Tens of thousands evacuated as torrential rains drench south China
Updated | By AFP
Tens of thousands of people have been evacuated as heavy rains batter southern China, flooding homes and triggering landslides, state media said on Wednesday.

Torrential downpours have drenched southern Guangdong province, with a landslide in its capital Guangzhou trapping 14 people, state broadcaster CCTV said. One person was later confirmed dead, it said.
More than 75,000 people in Guangdong had been evacuated by noon on Wednesday, CCTV said during its evening news broadcast.
CCTV footage showed people wading in waist-deep water and a group clinging to a submerged car.
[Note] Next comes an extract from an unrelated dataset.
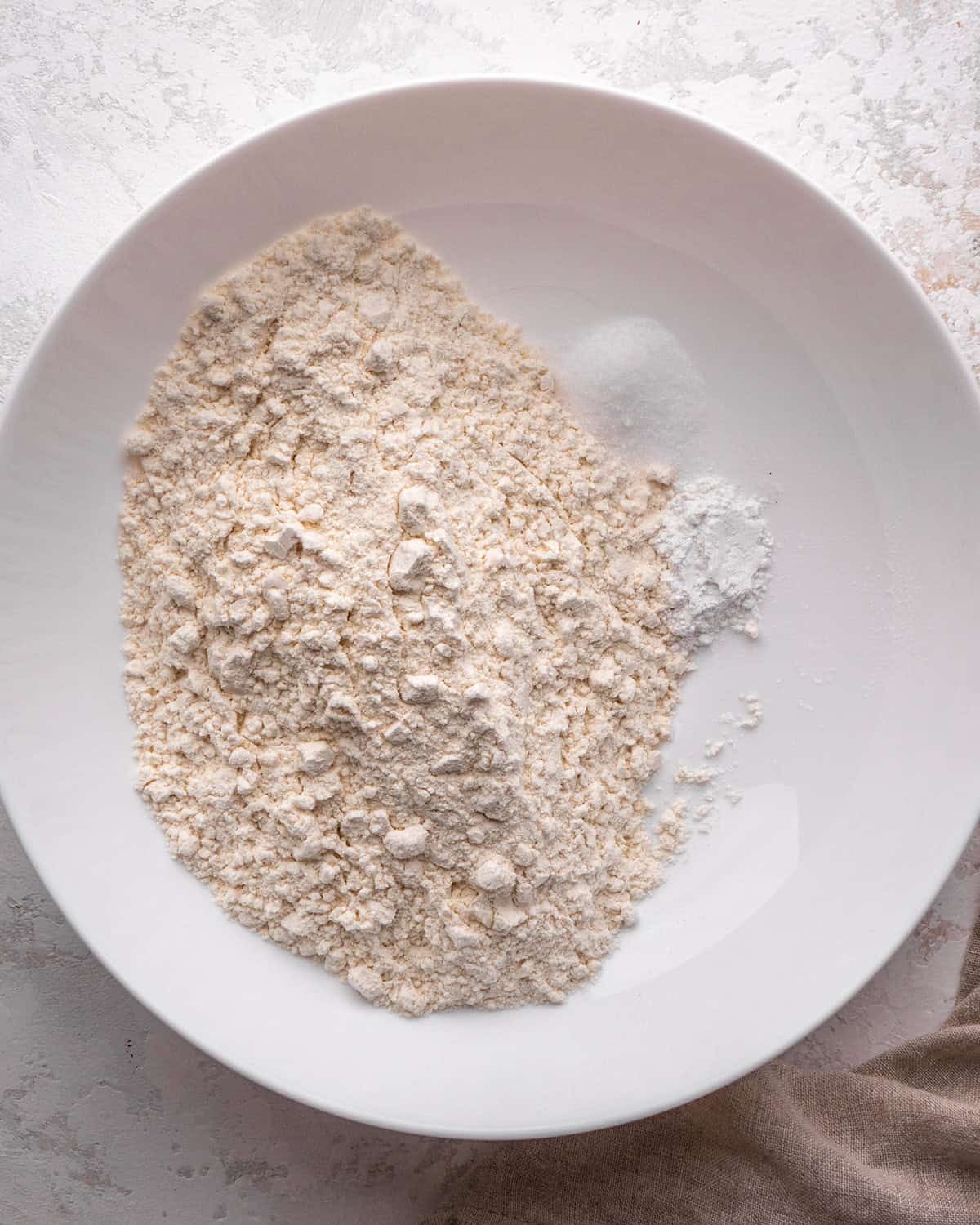 how to make blondies - flour, baking powder and salt in a white bowl before mixing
Heavy rains also flooded residential neighbourhoods and shops in nearby Guangxi province, CCTV said.
Authorities activated an emergency response in Guangdong on Wednesday due to severe flooding, according to China's emergency management ministry.
The government is also allocating 100 million yuan ($14 million) toward the recovery in Guangdong, Beijing's top economic planner said.
Continuous rainfall and flooding in multiple areas across the province had caused "heavy casualties and property losses", the National Reform and Development Commission said in a statement Wednesday.
Of the 14 people trapped by a landslide that hit Guangzhou's Dayuan village at around 8:30 am, seven had been rescued and were "not in immediate danger", CCTV said.
The body of an eighth person was recovered later on Wednesday evening, CCTV said. Rescue efforts were continuing, it said.
Footage on CCTV showed orange-suited rescuers standing on a large pile of debris, which appeared to be a collapsed building.
Heavy rains in northern Beijing killed 44 people last month, with the capital's rural suburbs hit the hardest.
A landslide in a village in Hebei province, which encircles Beijing, killed another eight people.
Natural disasters are common across China, particularly in the summer when some regions experience heavy rain while others bake in searing heat.
China is the world's biggest emitter of the greenhouse gases that drive climate change and contribute to making extreme weather more frequent and intense.
But it is also a global renewable energy powerhouse that aims to make its massive economy carbon-neutral by 2060.